Determining whether a word to be added exists in an additional dictionary list;

Setting a language model value of the word to be added as a language model value of a representative word of a speech recognition application field including the word to be added if the word to be added does not exist in the additional dictionary list as a result of the determination;

As a result of the determination, if the word to be added is present in the additional dictionary list, the language model value of the word to be added is determined according to the correlation between the speech recognition application field including the word to be added and the speech recognition application field including the existing word. A continuous speech recognition language model building method comprising the step of setting a model value.
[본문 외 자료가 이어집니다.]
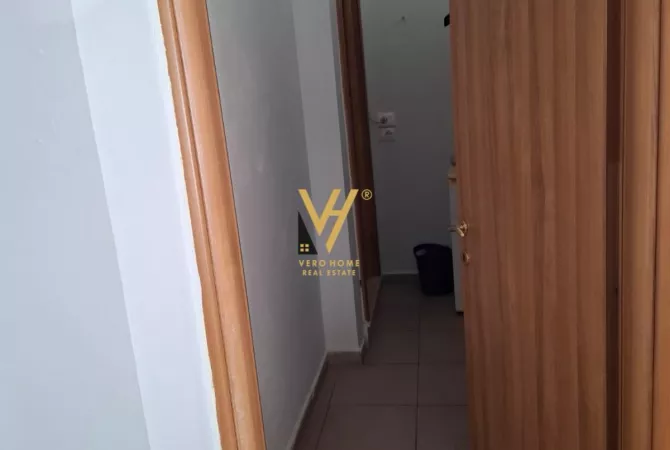 Ambient biznesi me qera 3+1 ne Tirane - 40,000 Leke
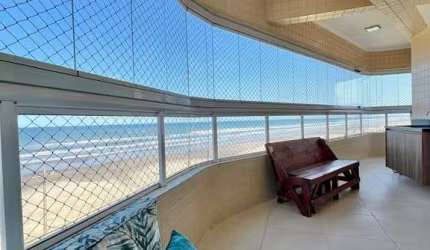 Apto 2 Dorm 2 Suítes Pé na Areia Varanda Gourmet Semi Mobiliado Lazer Completo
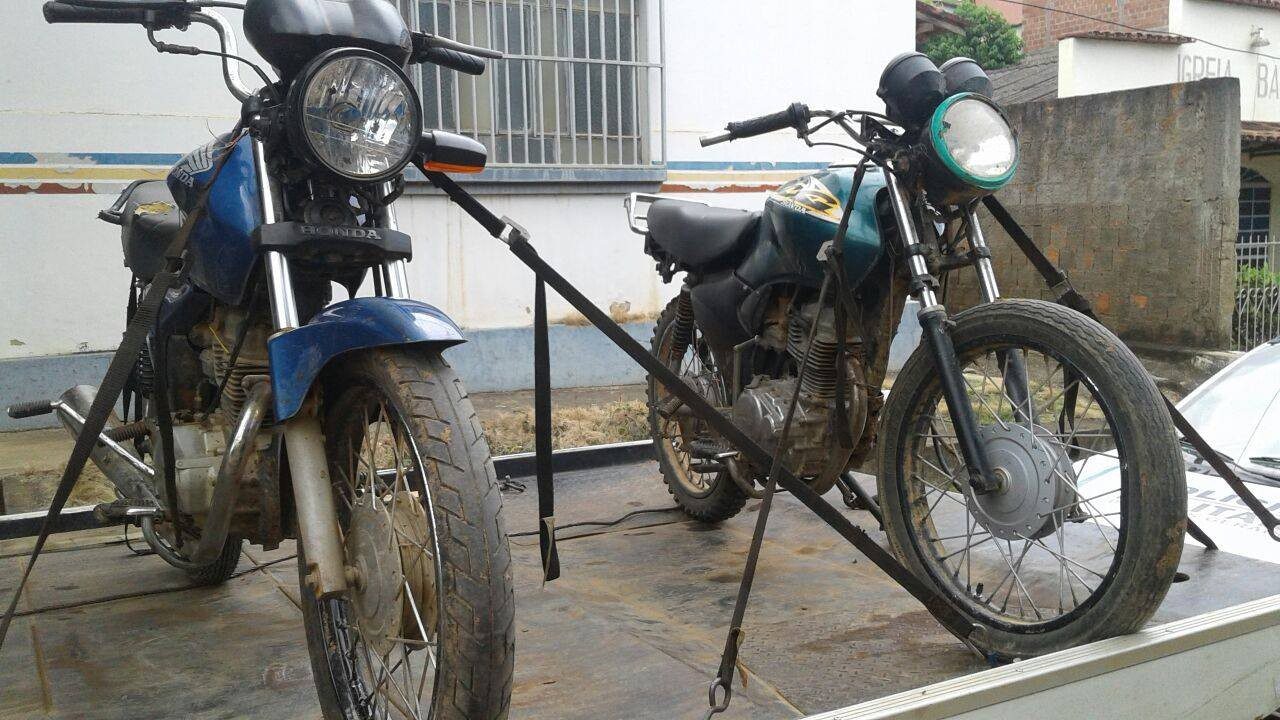 Duas motos recuperadas e uma bucha de maconha apreendida em São João do Oriente
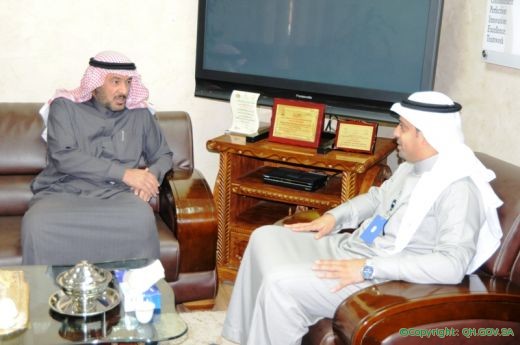 رئيس بلدية عنيزة زار مستشفى الملك سعود بعنيزة مهنئاً الإدارة الجديدة
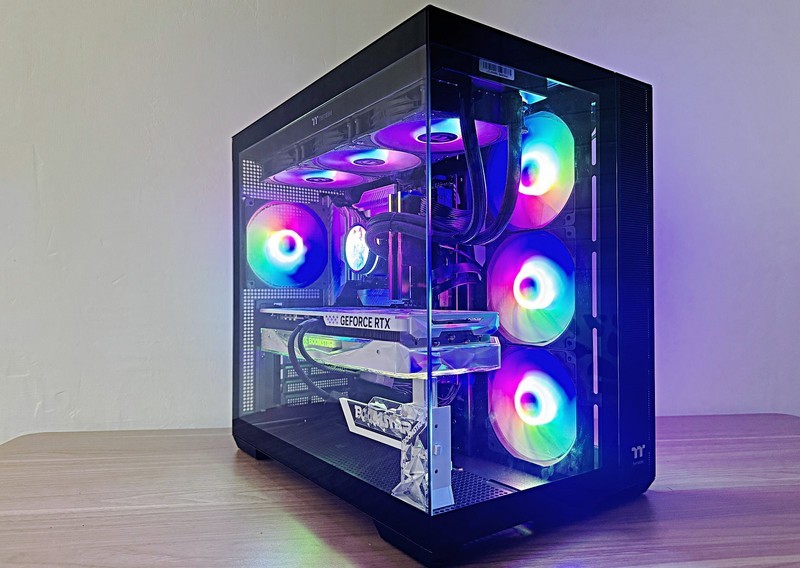 朋友装机非要低调一些，那就选钢影透EX海景房机箱黑色版吧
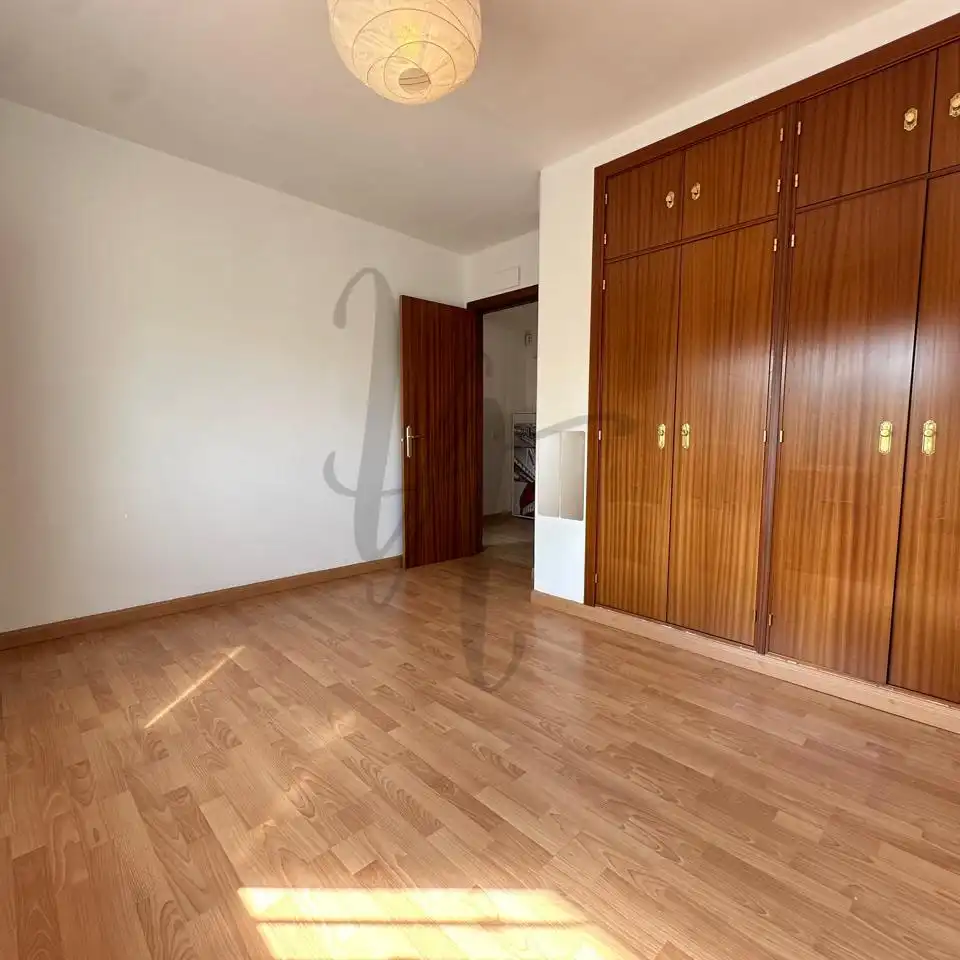 Casa aparellada amb piscina de lloguer a Calle San Martín, imagen 53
5. The method of claim 4, further comprising the step of presetting correlations of speech recognition applications.

The method of claim 4, wherein the setting of the language model value according to the association comprises:

If the speech recognition application of the word to add and the speech recognition application of the existing word are not correlated with each other,

And setting the language model value of the representative word of the speech recognition application field including the word to be added.

If the speech recognition application of the word to add and the speech recognition application of the existing word are correlated,

Compare the language model value of the representative word in the speech recognition application field containing the word to be added with the language model value of the existing word, and reset the language model value of the word to be added with the larger value of the language model value A continuous speech recognition model building method comprising the step of.